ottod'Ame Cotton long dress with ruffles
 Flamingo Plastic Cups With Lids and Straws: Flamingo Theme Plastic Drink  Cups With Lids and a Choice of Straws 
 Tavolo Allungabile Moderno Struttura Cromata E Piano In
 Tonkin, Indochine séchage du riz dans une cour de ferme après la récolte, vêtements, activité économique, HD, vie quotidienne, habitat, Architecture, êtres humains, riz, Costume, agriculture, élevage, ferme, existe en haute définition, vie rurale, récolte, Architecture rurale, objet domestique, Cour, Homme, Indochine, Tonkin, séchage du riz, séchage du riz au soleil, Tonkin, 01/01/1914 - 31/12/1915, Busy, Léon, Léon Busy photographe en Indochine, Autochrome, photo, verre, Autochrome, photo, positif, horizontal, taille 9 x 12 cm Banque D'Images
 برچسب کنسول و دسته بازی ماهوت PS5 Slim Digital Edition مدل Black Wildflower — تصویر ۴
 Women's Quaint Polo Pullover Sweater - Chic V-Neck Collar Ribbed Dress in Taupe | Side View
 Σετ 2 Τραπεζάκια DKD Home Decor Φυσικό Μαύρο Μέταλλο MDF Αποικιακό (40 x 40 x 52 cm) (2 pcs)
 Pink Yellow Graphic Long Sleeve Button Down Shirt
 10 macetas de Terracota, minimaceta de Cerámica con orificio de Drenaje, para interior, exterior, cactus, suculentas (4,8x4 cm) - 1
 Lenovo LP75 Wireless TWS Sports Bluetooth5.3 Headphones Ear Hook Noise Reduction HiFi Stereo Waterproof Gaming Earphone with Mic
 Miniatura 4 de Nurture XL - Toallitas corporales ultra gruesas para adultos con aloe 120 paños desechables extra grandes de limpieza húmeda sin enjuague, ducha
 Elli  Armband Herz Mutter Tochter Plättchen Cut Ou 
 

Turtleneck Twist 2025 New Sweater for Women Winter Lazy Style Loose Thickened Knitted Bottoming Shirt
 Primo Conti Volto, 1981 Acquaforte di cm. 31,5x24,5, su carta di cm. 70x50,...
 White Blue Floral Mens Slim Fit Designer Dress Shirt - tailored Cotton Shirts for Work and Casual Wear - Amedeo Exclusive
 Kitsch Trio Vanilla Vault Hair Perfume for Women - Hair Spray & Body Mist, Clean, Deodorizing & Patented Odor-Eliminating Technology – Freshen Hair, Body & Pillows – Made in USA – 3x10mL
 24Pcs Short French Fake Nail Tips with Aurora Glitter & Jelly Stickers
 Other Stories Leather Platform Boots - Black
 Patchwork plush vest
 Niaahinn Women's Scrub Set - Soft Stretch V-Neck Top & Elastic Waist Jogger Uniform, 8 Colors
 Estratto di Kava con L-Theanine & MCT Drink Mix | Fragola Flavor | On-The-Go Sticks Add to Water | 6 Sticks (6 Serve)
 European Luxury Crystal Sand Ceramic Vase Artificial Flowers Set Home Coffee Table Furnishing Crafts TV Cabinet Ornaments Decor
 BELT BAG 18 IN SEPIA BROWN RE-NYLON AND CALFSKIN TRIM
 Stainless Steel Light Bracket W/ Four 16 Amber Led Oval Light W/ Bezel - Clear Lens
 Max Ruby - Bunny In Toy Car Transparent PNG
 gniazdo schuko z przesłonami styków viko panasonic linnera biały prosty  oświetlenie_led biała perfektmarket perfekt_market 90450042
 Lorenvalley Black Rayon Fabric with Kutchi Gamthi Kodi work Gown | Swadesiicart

YOUR OBJECTIVE: Would you please copy every line from the listing above that contains the word "Drink"?

FINAL ANSWER:
 Flamingo Plastic Cups With Lids and Straws: Flamingo Theme Plastic Drink  Cups With Lids and a Choice of Straws 
 Estratto di Kava con L-Theanine & MCT Drink Mix | Fragola Flavor | On-The-Go Sticks Add to Water | 6 Sticks (6 Serve)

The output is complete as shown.